Before the market turned, it was the purchasers taking notice of RVs because they were low, she says.

“The purchaser was saying ‘well, the RV is only this much so why should I pay this much’. Now it’s swung around to vendors taking notice of them, not buyers.

“Now they go, ‘oh, good, I’m going to get $2.5 million’ and then we turn up and go ‘well, actually you won't, you’ll get $2 million’, so they're like ‘uh’.”

Wellington houses

A buyer runs the numbers at an auction in the capital. Photo / Getty Images

But most vendors come around to the fact their property will fetch less and realise if they are buying in the same market they will also be paying below RV for their next purchase.

“Most people do get it but it’s got to be explained quite clearly to them. I’d say 80% of people get it.

“It’s a painful psychological thing for us to turn up and say ‘hey, your house is not worth $2.5 million, it’s worth $2 million’.”

Cruickshank says RVs are never accurate value-wise at any point in their three-year cycle because houses next to each other can have the same RV but one can be run-down and the other immaculate.

“RVs are there to collect the rates, they should never be used as an assessment on the value of your house.”

Harcourts auctioneer Darryl Harper says RVs are a revenue-gathering exercise for councils, adding that they should not be looked at as a way to determine property values.

“At the moment properties are travelling in excess of 20% below the RV on average and the gap’s only going to get wider with where the market’s heading – I wouldn’t want to give you a figure but we’re nowhere near the bottom yet.”

In auctions, sellers set a reserve figure they won’t sell below but they don’t generally set them around the RV, he says.

In Tawa, where the data shows has the most houses in Wellington selling under RV, there may be a few vendors holding on to a dream of getting as much as the RV but it is just a dream, says Marie Hook from the Professionals Tawa/Double Winkel Real Estate.

The suburb is settling into its new normal, “which is if you’re expecting prices like they were this time last year, mate, you missed that train.”

Most vendors are starting to see the market has changed and understand the RV is not the market price.

“At the end of the day it’s what our first-home buyers are prepared to pay and we don’t know that until it’s on the market.”

Phillip Reeve, sales manager for Ray White Johnsonville, which recorded 70 sub-RV sales, says some vendors are holding off selling and he thinks the RV may be a factor in their decision.
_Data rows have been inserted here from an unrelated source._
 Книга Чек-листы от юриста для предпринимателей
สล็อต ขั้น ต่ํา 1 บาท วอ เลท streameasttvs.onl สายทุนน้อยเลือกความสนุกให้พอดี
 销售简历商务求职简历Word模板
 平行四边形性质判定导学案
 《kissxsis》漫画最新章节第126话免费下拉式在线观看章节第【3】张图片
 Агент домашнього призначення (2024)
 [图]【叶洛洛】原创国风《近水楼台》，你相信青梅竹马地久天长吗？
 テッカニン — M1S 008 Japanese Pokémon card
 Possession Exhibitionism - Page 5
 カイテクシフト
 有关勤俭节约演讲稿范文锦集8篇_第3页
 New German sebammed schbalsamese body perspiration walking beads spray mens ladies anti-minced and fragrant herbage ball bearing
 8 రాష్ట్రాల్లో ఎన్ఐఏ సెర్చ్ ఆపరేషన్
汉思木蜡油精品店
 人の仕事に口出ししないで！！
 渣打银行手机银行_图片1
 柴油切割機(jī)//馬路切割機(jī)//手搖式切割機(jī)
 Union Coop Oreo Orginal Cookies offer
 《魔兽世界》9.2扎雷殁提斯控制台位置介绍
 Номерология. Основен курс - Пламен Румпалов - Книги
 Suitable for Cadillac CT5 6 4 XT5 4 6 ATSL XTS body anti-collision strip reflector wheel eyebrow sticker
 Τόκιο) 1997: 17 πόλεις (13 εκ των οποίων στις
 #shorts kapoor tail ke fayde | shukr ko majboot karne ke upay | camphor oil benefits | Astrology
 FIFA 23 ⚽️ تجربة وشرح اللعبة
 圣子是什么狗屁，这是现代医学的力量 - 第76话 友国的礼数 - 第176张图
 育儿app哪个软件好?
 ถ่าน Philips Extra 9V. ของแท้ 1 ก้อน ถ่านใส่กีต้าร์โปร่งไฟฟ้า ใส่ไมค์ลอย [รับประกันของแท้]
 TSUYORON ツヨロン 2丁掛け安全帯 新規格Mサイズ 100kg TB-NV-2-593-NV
He says his agents are frank in telling vendors that properties in the area are selling for around 15% less than RV which should temper expectations.

“Last year agents were very good at bragging we sold 20, 30, 40% above our RV but we're not seeing much bragging they sold 15% below RV.”

Even if properties are selling for under RV, most property owners have still done very well out of their homes, he says.

“I've just appraised a house this week which I appraised in 2016 for $420,000 and this week’s appraisal was $950,000 to $1m so anything the vendors think they’re losing is a theoretical loss.

“If they’d come on the market six months ago, yes, they might have got more but now they’re still getting more than they would have done two years ago or three years ago.”